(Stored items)
....
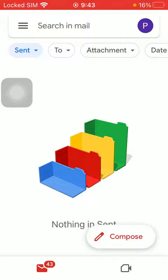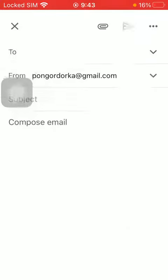First of all, open the application on your phone. After that, click on this letter icon down below on the left side corner of the screen and tap on the compose button on the right side.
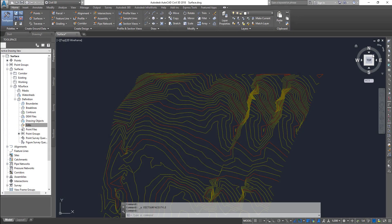Hello guys, welcome to Expertizer Academy, Civil 3D. So today within Civil 3D, what we're going to see is how to edit a point within a surface.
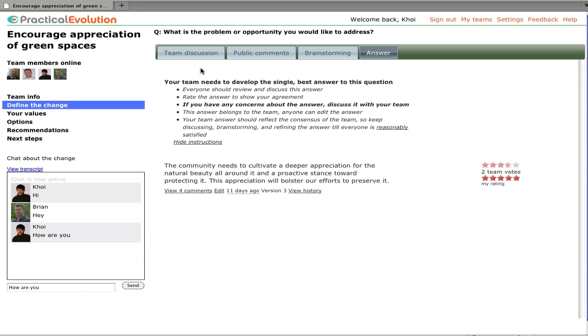As we see across the top in these tabs, each question has four pages: the team discussion page, public comments page, brainstorming page, and the answer page.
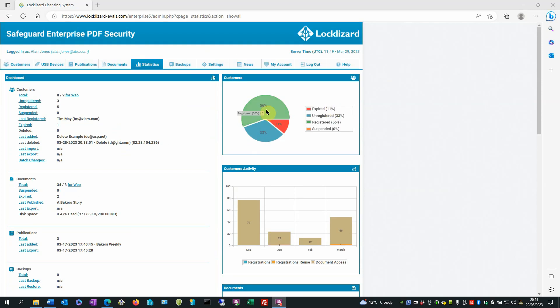If you hover over the segments of the chart a label is displayed confirming what the information is related to. Same applies to the bar chart.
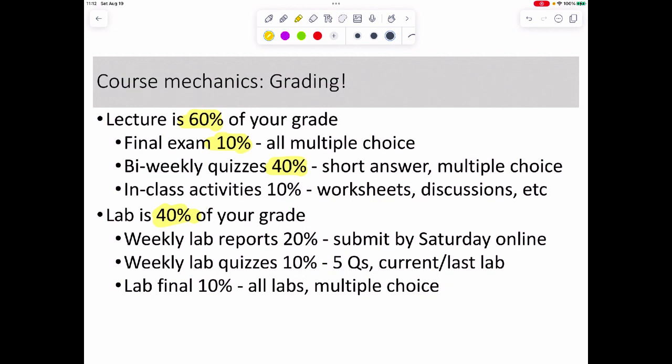We'll also do some in-class activities — since we're not fully in person, you'll be assigned a lab group to work with. It might be creating a document, chatting online, using a discussion board, posting something you've made, or answering a worksheet and posting it. There'll be some type of engagement beyond just listening to my videos.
....
WORK TASK
Please print each record above again exactly, but omit any pictures.

COMPLETED TASK
First of all, open the application on your phone. After that, click on this letter icon down below on the left side corner of the screen and tap on the compose button on the right side.
Hello guys, welcome to Expertizer Academy, Civil 3D. So today within Civil 3D, what we're going to see is how to edit a point within a surface.
As we see across the top in these tabs, each question has four pages: the team discussion page, public comments page, brainstorming page, and the answer page.
If you hover over the segments of the chart a label is displayed confirming what the information is related to. Same applies to the bar chart.
We'll also do some in-class activities — since we're not fully in person, you'll be assigned a lab group to work with. It might be creating a document, chatting online, using a discussion board, posting something you've made, or answering a worksheet and posting it. There'll be some type of engagement beyond just listening to my videos.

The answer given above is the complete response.